Do not use VHD files, only use VHDX. VHDX are far,far safer to use over SMB compared to VHD as they have error correction and handling built-in. consequently, there is a reasonable chance that the file will actually survive a disconnect of the network cable or power of the source or destination as a result. This does however restrict you to using Windows 8/Server 2012 or higher at the expense of Windows Server 2008/2008 R2

Only use 1Gbps or 10Gbps networks. Do not use 802.11 wireless and do not use 10/100 Fast Ethernet.

Use server grade NICs in your devices if you can

Use MPIO and multiple switches if you can spare/afford the hardware

Keep your VHDX defragged just like any other NTFS formatted hard drive

If you have managed switches, consider preventing broadcast and multicast traffic from reaching the NAS. This will reduce CPU load a little although it will prevent NetBIOS discovery and may impact other services.
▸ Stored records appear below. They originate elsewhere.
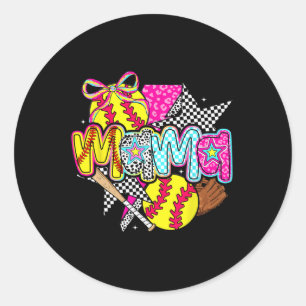 Pegatina Redonda El Softball Mama Mom en el Softball Game Vibes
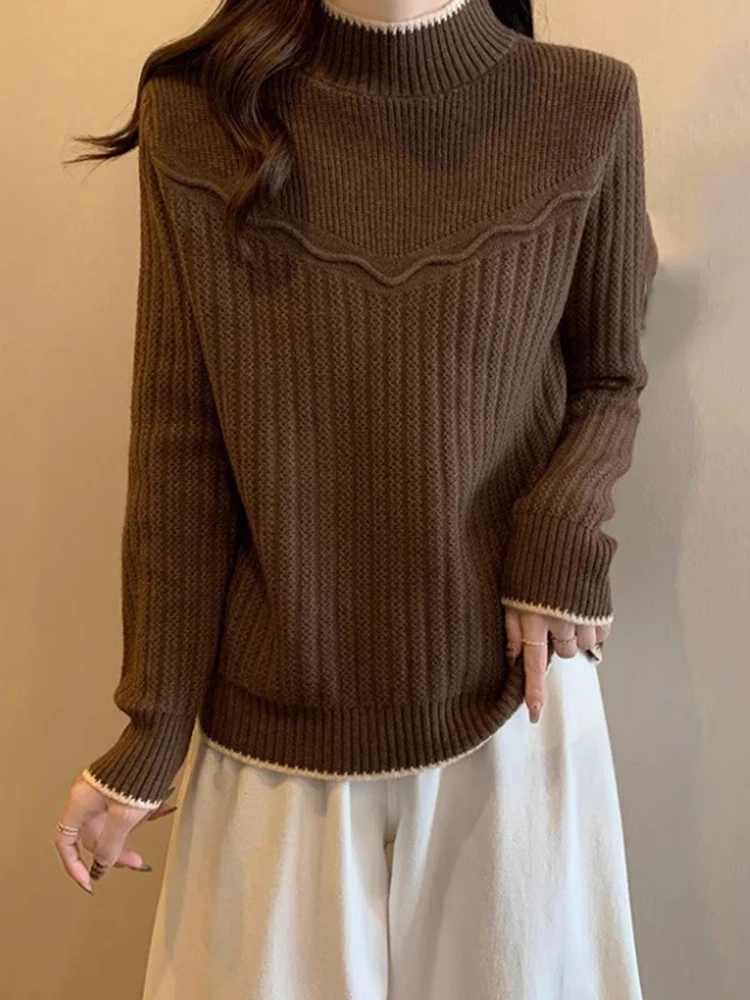 Женский свитер Maillard с полувысоким воротником осенне-зимний новый утолщенный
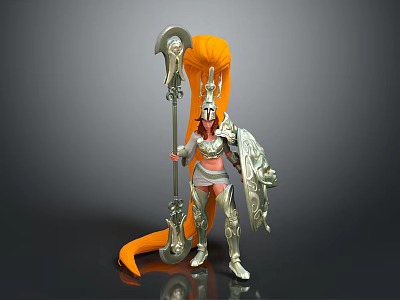 Mythical Warrior Character Wearing Silver Armor With Golden Decorations Orange Hair Giant Axe and Shield 3d model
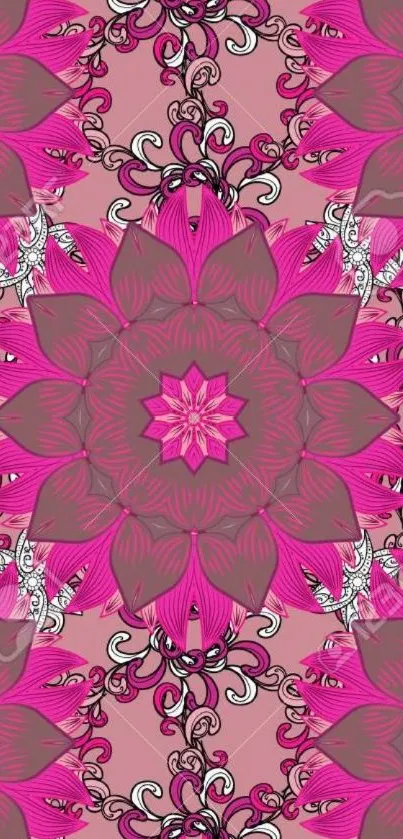 Pink floral mandala pattern wallpaper with intricate design.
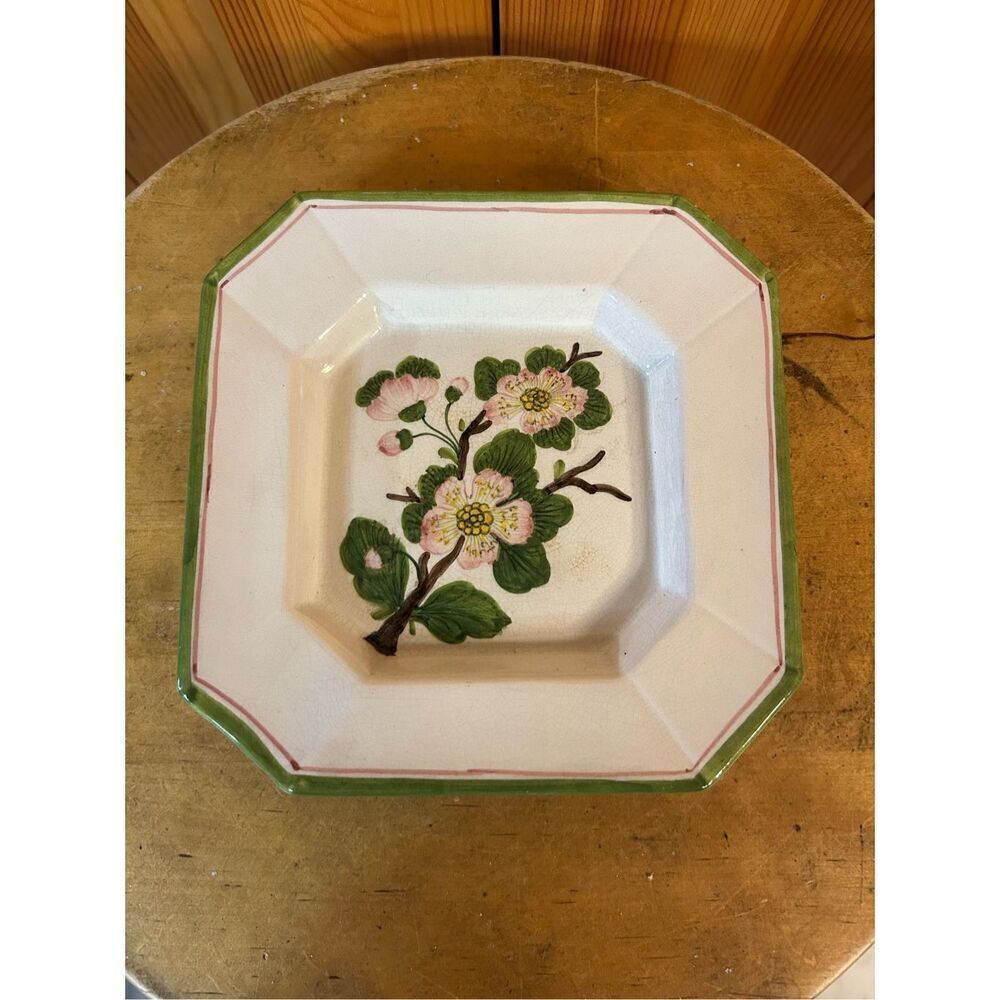 Bassano Italy vintage decorative plate flower hand painted 6.5” (8485)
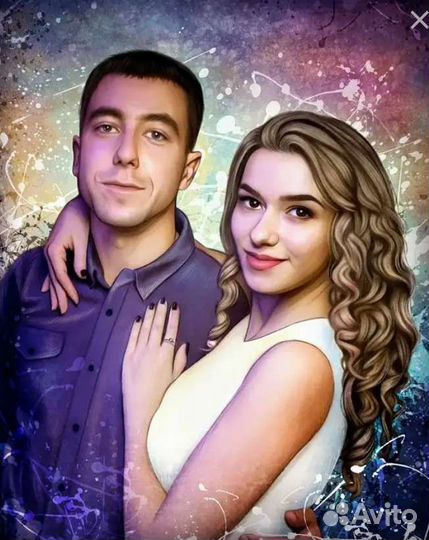 Портрет по фото на холсте, картины на холсте, печа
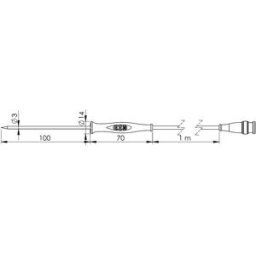 Greisinger GF1T-E3-AA-BNC Sonde à piquer -70 à +250 °C sonde Pt1000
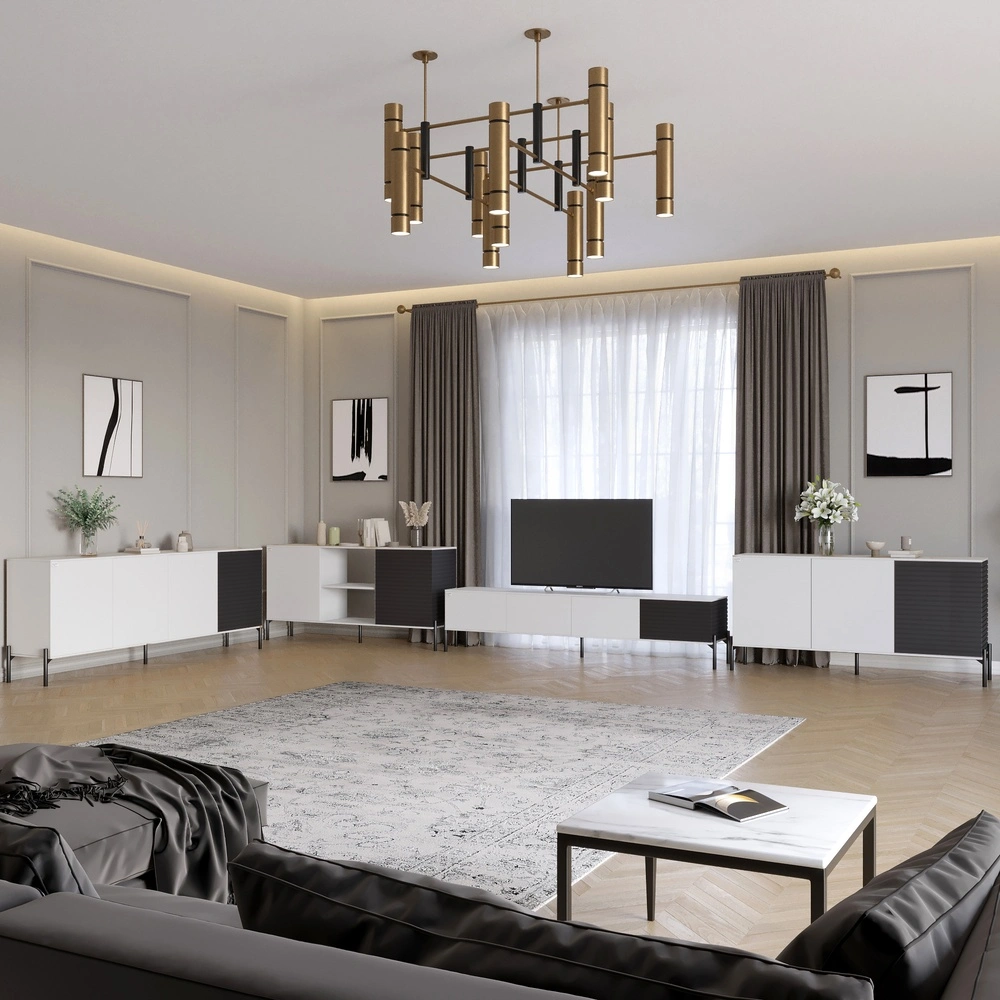 Комплект модульний для вітальні LION Грей 4 елементи з чорними металевими ніжками Німфея Альба (біли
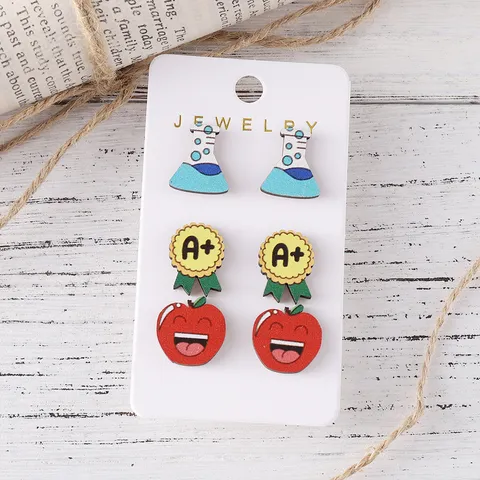 Back To School Season Creative Cartoon Wooden Stud Earrings Set Cute Colorful Crayon Apple School Bus Shapes Ear Jewelry For Teacher Day Gift Women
Do not use the NAS for anything else, especially small SMB file storage. Client access will degrade the write performance and consume CPU time. In particular do not leave the NAS SMB mount point mounted as a network drive as this also holds a SMB session open with the Linux Samba service.

Do not use dynamically expanding VHDX files. Using a dynamically expanding VHDX file was in reality fine (if you accept the limitations of the device). It took nearly 4TB of data without incident, however the use of dynamically expanding disks is itself inefficient. Dynamic disks have a performance penalty associated with them as the disk head is constantly being told to zero the trailing 12MB of the VHDX file to permit future growth of the VHDX. There are also associated writes to the metadata of the VHDX to update the file boundary markers. In trying to squeeze every last bit of performance out of the ReadyNAS Duo v2, I wanted to use a fixed size VHDX file to see if it was any more performance efficient.
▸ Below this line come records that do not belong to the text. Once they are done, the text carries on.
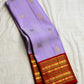 Kurinji Lavender Pure Silk Kanchipuram Varisaipet Saree with Gandaberunda and Yazhi – view 2
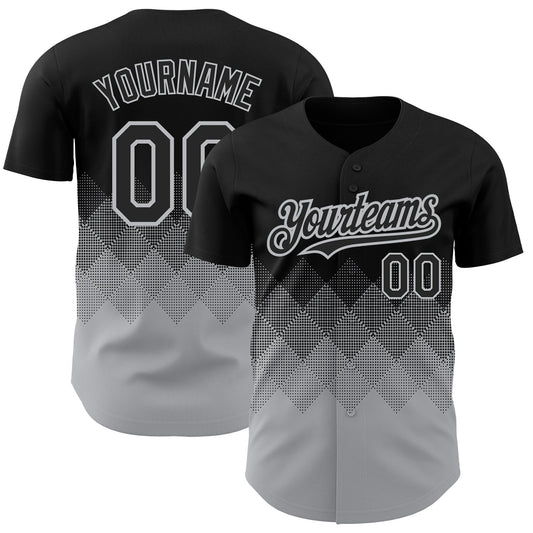 Custom Black Gray 3D Pattern Design Gradient Square Shapes Authentic Baseball Jersey - Sky-Custom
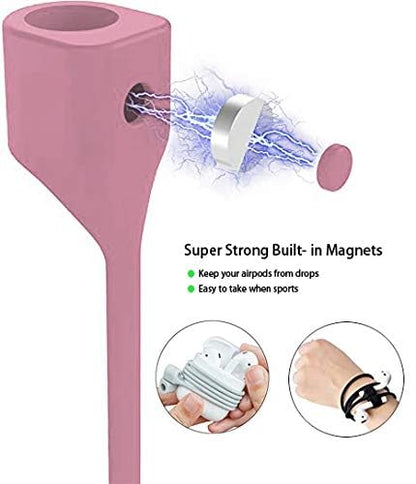 4 in 1 Anti-Lost Accessories for Airpods, Airpods Strap Magnetic Cord, Ear Hooks and Covers Compatible with Airpods 1 & 2, Airpods Watch Band Holder, Sakura pink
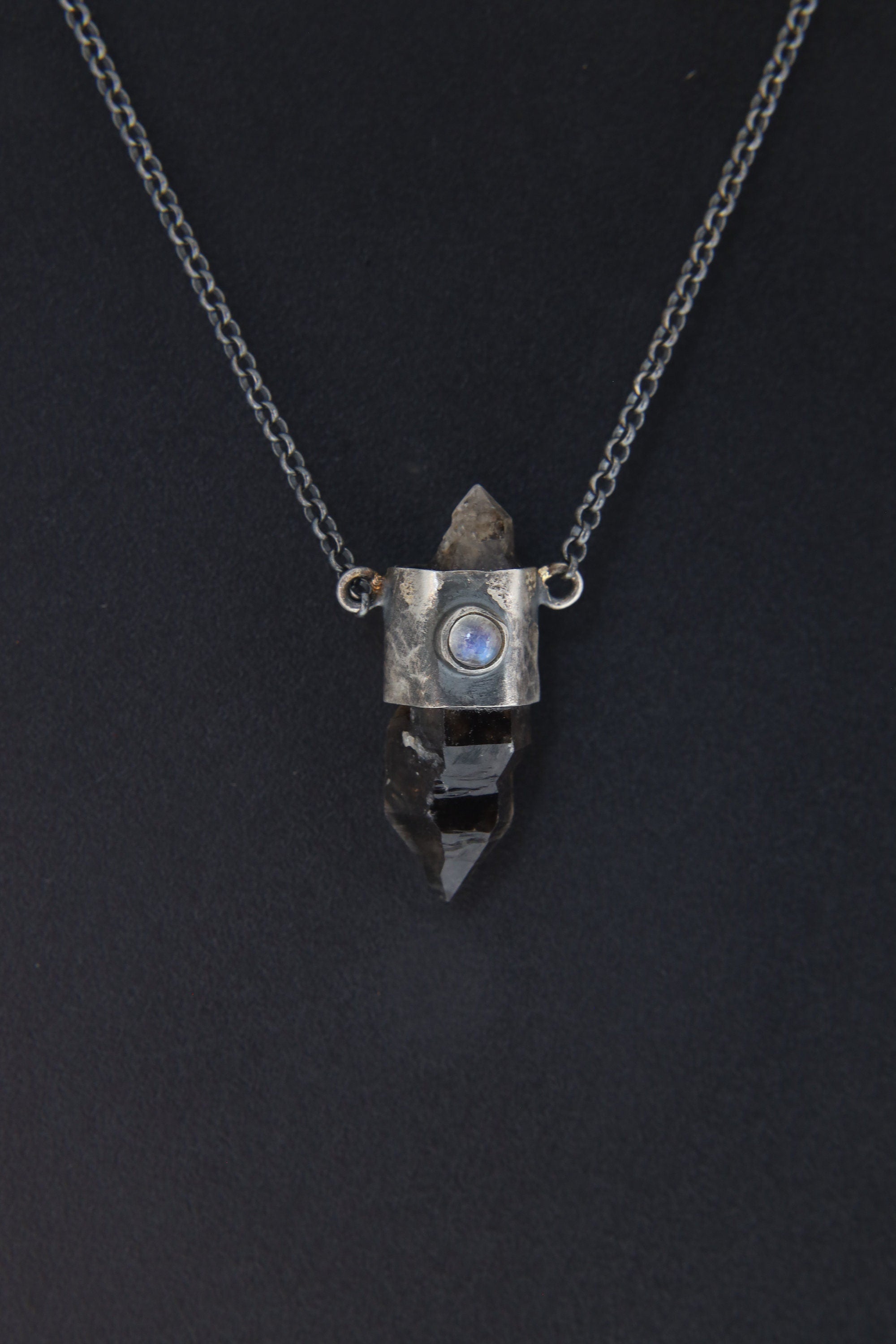Double Terminated Morella Smoky Quartz Point, Ethiopian Opal, and Blue Moonstone - Oxidised & Textured Sterling Silver Crystal Pendant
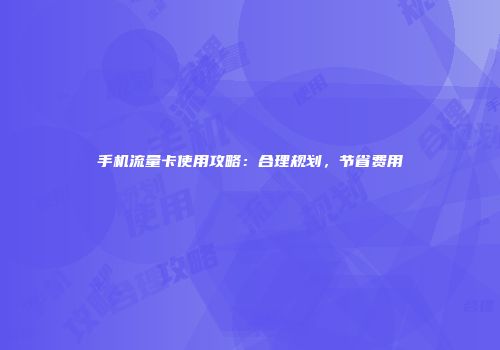 手机流量卡使用攻略：合理规划，节省费用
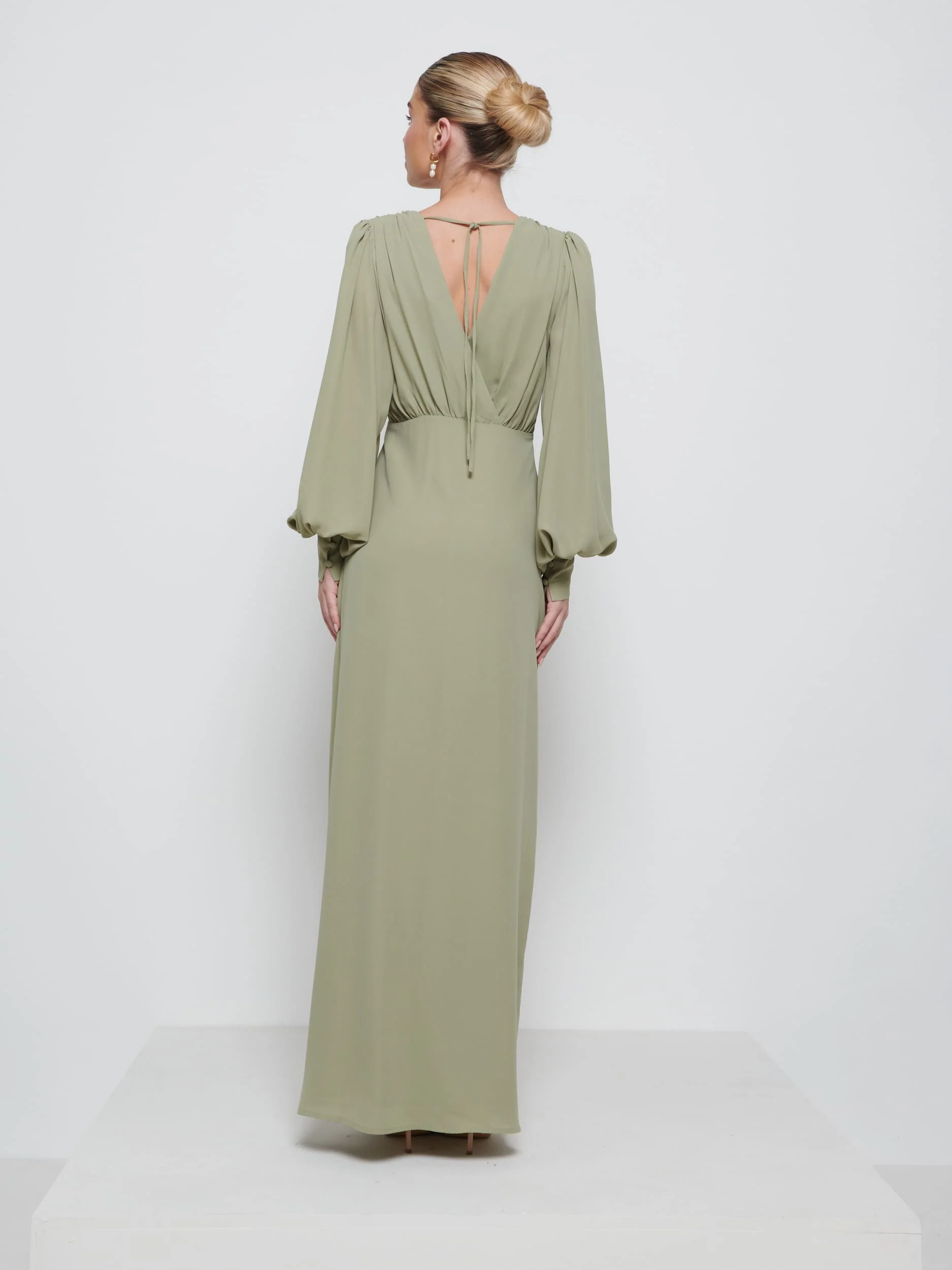 Sienna Chiffon Bridesmaid Dress - Olive - Image 3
One of the first issues encountered was on the length of time it takes to allocate and deallocate space from the Linux disk journal. Allocation is proportionately faster then deallocation, however on attempting to allocate 5.4TB of disk space to a singe VHDX file, it would take the system an extended period to process and the VHDX creation process on Windows would timeout, causing the VHDX to be corrupted. At this point the VHDX would be deleted by Windows. This storage deallocation could take upwards of 20 minutes to appear as released in the ReadyNAS web UI.

Looking at ‘top’ in the SSH session, it was clear that the CPU was the culprit, capping out at 100% throughout the entire operation before dropping down to <1% once the journal had been updated.

After some trial and error, I found that with the web UI closed, only necessary services running, SSH logged out and no active Windows Explorer sessions open, I could allocate 2TB at a time without it causing a timeout.

The following script can thus be used to create the VHDX at 2TB, expand it to 4TB and then expand it to the desired 5.3TB (the maximum size of the ReadyNAS volume I was using was 5.4TB).

New-VHD -Path "\\192.168.0.100\Backup\Backup.vhdx" –Fixed –SizeBytes 2TB
Resize-VHD –Path "\\192.168.0.100\Backup\Backup.vhdx" –SizeBytes 4TB
Resize-VHD –Path "\\192.168.0.100\Backup\Backup.vhdx" –SizeBytes 5.3TB

Remember, this script is creating a Fixed Size VHDX file. Consequently it is going to pre-zero each sector on the disk instead of performing a constant 12MB zeroing chase at the end of the file. This means that it will take an extremely long time to complete (especially at only ~470Mbps) i.e. over 24 hours! So I suggest that you copy and paste all three lines at once into the PowerShell buffer and walk away. Once it has finished chewing over all three lines, mount the disk, partition it and format it as outlined earlier in the article.

Note: There are a coupe of utilities out on the Internet that can create a fixed size VHDX from free space without performing the zeroing operation. You can save yourself a lot of time using such tools however you should NEVER use them in a production or in a shared environment due to reasons of data safety, privacy and security.

After the allocation of the space in the Journal and during the zeroing process the CPU use remains high, running constantly at 100% with about 20MB of RAM showing as free out of the 256MB total. This proves that the sub 500Mbps cap on the transfer speed is being caused by the CPU and not the disks. You must thus be realistic about the capability of the appliance or pay for more robust, more capable hardware.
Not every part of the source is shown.